Grünwalder Stadion:Bayern, 1860 oder Türkgücü?

29 04 2018 Fussball Regionalliga Bayern 2017 2018 36 Spieltag FC Bayern München Amateure TSV 18; 1860

Münchens Fußball-Kultstätte: Das Städtische Stadion an der Grünwalder Straße.

(Foto: imago/MIS)
  • Sollte der souveräne Regionalliga-Tabellenführer Türkgücü München in die dritte Liga aufsteigen,müsste er zusammen mit 1860 München und der U23 des FC Bayern im Grünwalder Stadion spielen.
  • Der DFB erlaubt diese Konstellation aber nicht. Ein Klub müsste ausziehen.
  • Türkgücü spielte mit dem Gedanken, für einzelne Spiele nach Nordrhein-Westfalen zu ziehen. Auch das ist laut DFB nicht möglich.

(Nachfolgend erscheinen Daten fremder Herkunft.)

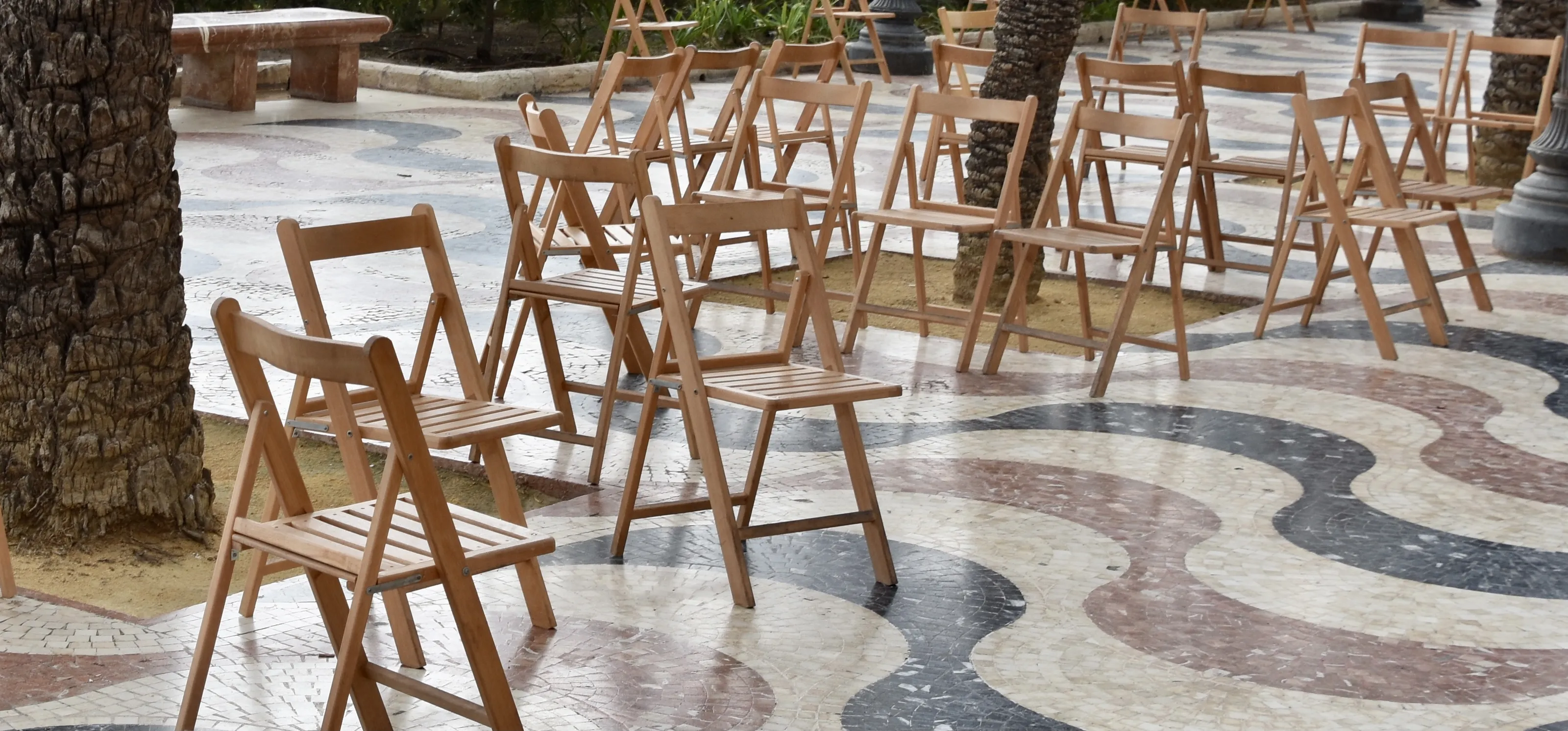 More Than One Empty Chair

Von Christoph Leischwitz und Markus Schäflein

Es war gut was los am Montagabend auf dem Rasen des Grünwalder Stadions, aber eine kleine Gruppe auf der Haupttribüne hatte kaum Zeit, dem Spiel zuzusehen. Eigentlich wollten sie schon vor dem Anpfiff mit ihrer Besprechung fertig sein. Das klappte nicht, aber die Zeit drängt. Also setzte sich die Gruppe noch einmal in Bewegung, während der zweiten Hälfte des Drittligaspiels FC Bayern München II gegen den Halleschen FC (Endstand 6:1) stieg sie im Gänsemarsch die Stufen hinauf zu den Beobachterplätzen auf der Holztribüne und verschwand in einem kleinen Raum. Doch selbst am späten Abend war keine Lösung gefunden. Und so geht das schon seit Wochen.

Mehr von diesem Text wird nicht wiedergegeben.